Students enrol for half a term, and staff identify areas on which they need to work, such as balance, or full body co-ordination.

They are then set achievable activities: those with balance difficulties will try to balance on one leg; that accomplished, they try balancing on a cushion; then walking along a beam. "We very gradually increase the difficulty," Sarah says.

She has designed several exercises herself, but also uses material from Brain Gym. The benefits, including better self-esteem and confidence-building, have in turn led to students expressing themselves more. The most remarkable result, however, is academic improvement, particularly writing. Sarah says that, to a degree, the Brain Gym results are down to co-ordination. "But you look at them and think, 'How does that work?' I don't know why it works, but it does." She adds that by undertaking activities, "successful pathways" are strengthened in the brain to be used in the future. "To be able to co-ordinate your hand to write, you've got to get the right messages to your hand," she explains.

However, the Morning Club is not sold as a cure for characteristics of dyspraxia. "We usually say it will help writing and reading," says Sarah, adding that the children enjoy it.
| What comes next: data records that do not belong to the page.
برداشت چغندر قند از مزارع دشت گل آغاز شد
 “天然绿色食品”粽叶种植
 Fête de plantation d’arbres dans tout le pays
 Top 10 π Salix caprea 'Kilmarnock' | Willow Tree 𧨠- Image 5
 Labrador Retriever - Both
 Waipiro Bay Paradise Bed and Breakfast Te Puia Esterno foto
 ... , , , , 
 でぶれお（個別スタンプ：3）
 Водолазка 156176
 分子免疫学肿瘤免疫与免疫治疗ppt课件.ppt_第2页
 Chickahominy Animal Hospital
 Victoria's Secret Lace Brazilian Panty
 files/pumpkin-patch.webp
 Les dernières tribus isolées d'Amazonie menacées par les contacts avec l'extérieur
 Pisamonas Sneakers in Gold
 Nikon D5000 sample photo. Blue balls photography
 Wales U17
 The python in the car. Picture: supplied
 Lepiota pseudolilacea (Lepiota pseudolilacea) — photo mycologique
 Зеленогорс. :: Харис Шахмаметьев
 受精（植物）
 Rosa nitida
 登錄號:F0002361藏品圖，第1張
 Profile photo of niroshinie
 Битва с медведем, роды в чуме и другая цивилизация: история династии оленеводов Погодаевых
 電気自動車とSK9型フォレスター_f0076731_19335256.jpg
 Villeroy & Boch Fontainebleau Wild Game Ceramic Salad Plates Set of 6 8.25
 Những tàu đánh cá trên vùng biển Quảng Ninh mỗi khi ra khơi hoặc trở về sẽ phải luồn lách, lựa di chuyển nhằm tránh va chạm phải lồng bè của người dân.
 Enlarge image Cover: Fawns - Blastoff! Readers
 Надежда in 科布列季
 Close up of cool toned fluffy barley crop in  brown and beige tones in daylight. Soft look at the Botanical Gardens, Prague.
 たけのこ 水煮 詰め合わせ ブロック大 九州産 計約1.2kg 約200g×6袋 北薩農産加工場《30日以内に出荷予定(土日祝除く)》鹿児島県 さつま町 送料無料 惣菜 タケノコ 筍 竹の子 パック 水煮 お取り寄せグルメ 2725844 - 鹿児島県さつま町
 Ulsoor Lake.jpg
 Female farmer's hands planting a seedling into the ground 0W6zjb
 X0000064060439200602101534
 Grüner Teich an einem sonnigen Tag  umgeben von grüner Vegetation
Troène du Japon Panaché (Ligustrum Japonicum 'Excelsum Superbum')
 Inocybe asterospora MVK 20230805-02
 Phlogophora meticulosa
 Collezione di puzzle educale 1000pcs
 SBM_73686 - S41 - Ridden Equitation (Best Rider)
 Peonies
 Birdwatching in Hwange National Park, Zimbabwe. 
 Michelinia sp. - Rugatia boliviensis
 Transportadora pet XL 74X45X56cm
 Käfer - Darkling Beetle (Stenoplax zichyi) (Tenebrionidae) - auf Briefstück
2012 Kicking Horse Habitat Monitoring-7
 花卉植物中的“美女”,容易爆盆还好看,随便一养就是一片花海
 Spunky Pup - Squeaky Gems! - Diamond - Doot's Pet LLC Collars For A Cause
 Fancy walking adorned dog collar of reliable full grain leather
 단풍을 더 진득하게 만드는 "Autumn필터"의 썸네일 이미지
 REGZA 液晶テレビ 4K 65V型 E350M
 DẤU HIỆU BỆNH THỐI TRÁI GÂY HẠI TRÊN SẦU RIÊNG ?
After all, if you cannot write, the last thing you want to do is practise handwriting.

David Morris was initially sceptical of the concept. Scepticism turned to surprise when Sarah showed him the handwriting results at the end of the initial course. "The difference was astonishing," says David. "I thought, 'Quirky. Let's do another six weeks with a different lot of students'."

The good results continued. "Some were astounding, so much so that I said, 'You're having me on'," he recollects. By now, parents were reporting improvements in students' work attitude and general performance. "By doing this sort of activity, it's begging questions about teaching styles and learning styles that perhaps we have been ignoring," David enthuses. "I think we have hit on something that has enormous potential."